An Unusual Function for Our Lean-to Shed: Case Study

“Of course, this story is really anything to do with us,” said Ian Baker*, as we stood in his walled garden in the Cotswolds. We were looking at the right-hand side wall, as it ran down the hill, in a market town where wool trading, then milling, had been the traditional cornerstones of wealth.

Battens in Wall for Lean-To

This wall was clearly much older than the others and had been repaired and rebuilt a number of times over the centuries. But what was still just about evident were timber battens at head height, built into the wall.

“This is crumbling quite badly and the battens are rotten, so I need to dig them out and replace them with decent Cotswolds stone, I think” Ian continued, reaching up and picking out a section with his fingers, “but you can clearly see the outline of the lean-to shed where they stored wood for the coffins.”

Historic Garden Building

This was the reason we were standing there, trying to work out what sort of garden building had been there. The Bakers had moved in around three years ago and had just begun to piece together bits of the history. The oldest resident in the street had lived next door and although she had died a few years before the Bakers’ arrival, she had told another neighbour many of the stories of the ancient street.

It was from this neighbour that the purpose of the lean-to shed in the garden became clear. The main part of the L-shaped house is a town house, probably built on the hill about three hundred years ago, although no-one is quite sure. The second part, the foot of the L, goes backwards into the garden and is probably much newer, although still old.

Building Detective Work

Walled up apertures in this second part show that it was either a barn or workshop. There were double doors on the ground floor and a single door on the second, where there would have been a pulley on a small derrick to raise and lower sacks or crates.

There is an enclosed passageway leading from this loading area, under the first storey of the town house and into the road.

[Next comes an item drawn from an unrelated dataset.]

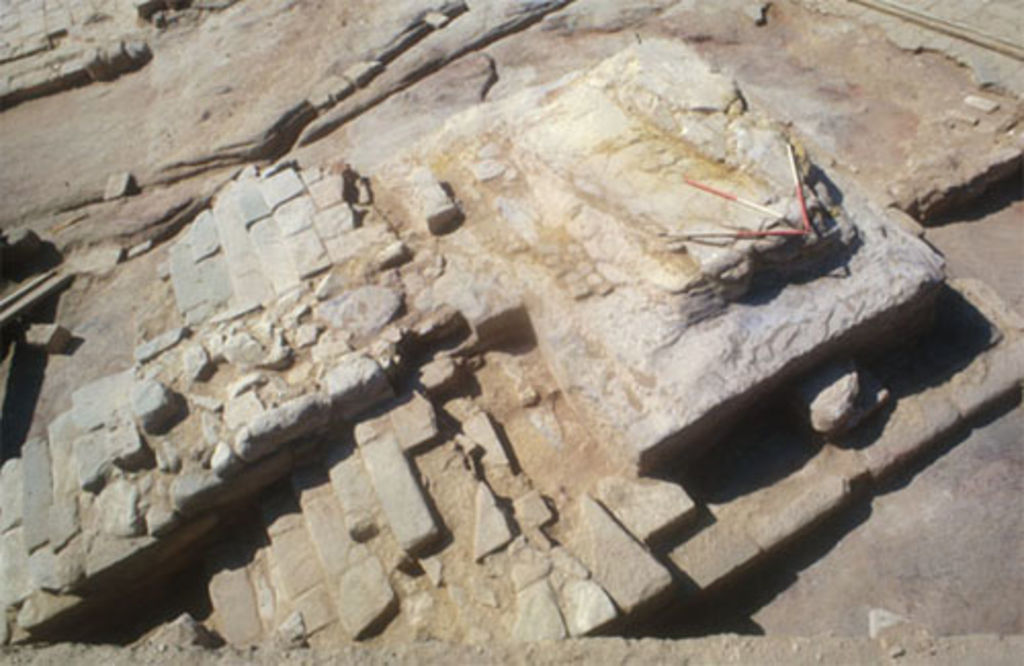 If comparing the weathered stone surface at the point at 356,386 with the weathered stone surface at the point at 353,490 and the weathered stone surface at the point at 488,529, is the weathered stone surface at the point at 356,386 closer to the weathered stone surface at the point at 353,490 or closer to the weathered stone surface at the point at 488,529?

It’s not quite wide enough for a car, but would take a small cart, particular one that transported long, narrow items like wood and coffins.


“The neighbour told us that the barn was used as a workshop for building coffins for the local undertaker, although there’s no suggestion that dead bodies were ever stored there,” Ian said, “and the shape of this lean-to indicates that it would have been very long.

There was also a concrete base running down this side of the garden, about seven feet wide, so obviously a long and wide but low garden building had been there. The speculation is that it was used as a store for the long planks of wood used to construct the coffins.

Future of the Lean-To Garden Building Site

“The concrete is a bit of a pain, to be honest,” said Ian, who has currently covered it up with raised vegetable beds. “But we can’t grow any root vegetables, really, as the soil is only a foot or so thick.”

“So we’re thinking of resurrecting the lean-to idea, but this time with a greenhouse. But to give us decent headroom it will have to be a fair bit taller, so we need to mount battens higher up and that means repairing the wall properly first. But I think it would look good and be very effective, as it’s a south facing wall,” he said.

So the lean-to garden building may be resurrected after all, although for a less macabre purpose, attending to life rather than death.